- [TASK GOAL]:
A verbatim copy of the entries is the required answer.

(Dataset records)

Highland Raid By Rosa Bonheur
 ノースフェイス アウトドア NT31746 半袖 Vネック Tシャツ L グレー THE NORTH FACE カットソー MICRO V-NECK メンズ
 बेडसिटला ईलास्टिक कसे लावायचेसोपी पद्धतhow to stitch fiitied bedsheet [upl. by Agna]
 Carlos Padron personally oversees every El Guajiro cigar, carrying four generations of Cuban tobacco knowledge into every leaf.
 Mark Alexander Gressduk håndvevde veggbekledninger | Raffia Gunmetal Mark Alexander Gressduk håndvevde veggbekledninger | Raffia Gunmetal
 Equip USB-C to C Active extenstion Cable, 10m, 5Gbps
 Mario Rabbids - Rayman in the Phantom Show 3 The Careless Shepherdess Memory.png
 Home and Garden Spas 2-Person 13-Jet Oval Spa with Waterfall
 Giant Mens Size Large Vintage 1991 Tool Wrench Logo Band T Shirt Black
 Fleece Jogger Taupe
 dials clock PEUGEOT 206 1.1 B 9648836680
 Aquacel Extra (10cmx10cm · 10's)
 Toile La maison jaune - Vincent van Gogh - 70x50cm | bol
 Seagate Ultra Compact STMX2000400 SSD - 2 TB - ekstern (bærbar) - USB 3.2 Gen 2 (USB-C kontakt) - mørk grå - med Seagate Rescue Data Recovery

- [RESPONSE FOR THIS EXERCISE]:
Highland Raid By Rosa Bonheur
 ノースフェイス アウトドア NT31746 半袖 Vネック Tシャツ L グレー THE NORTH FACE カットソー MICRO V-NECK メンズ
 बेडसिटला ईलास्टिक कसे लावायचेसोपी पद्धतhow to stitch fiitied bedsheet [upl. by Agna]
 Carlos Padron personally oversees every El Guajiro cigar, carrying four generations of Cuban tobacco knowledge into every leaf.
 Mark Alexander Gressduk håndvevde veggbekledninger | Raffia Gunmetal Mark Alexander Gressduk håndvevde veggbekledninger | Raffia Gunmetal
 Equip USB-C to C Active extenstion Cable, 10m, 5Gbps
 Mario Rabbids - Rayman in the Phantom Show 3 The Careless Shepherdess Memory.png
 Home and Garden Spas 2-Person 13-Jet Oval Spa with Waterfall
 Giant Mens Size Large Vintage 1991 Tool Wrench Logo Band T Shirt Black
 Fleece Jogger Taupe
 dials clock PEUGEOT 206 1.1 B 9648836680
 Aquacel Extra (10cmx10cm · 10's)
 Toile La maison jaune - Vincent van Gogh - 70x50cm | bol
 Seagate Ultra Compact STMX2000400 SSD - 2 TB - ekstern (bærbar) - USB 3.2 Gen 2 (USB-C kontakt) - mørk grå - med Seagate Rescue Data Recovery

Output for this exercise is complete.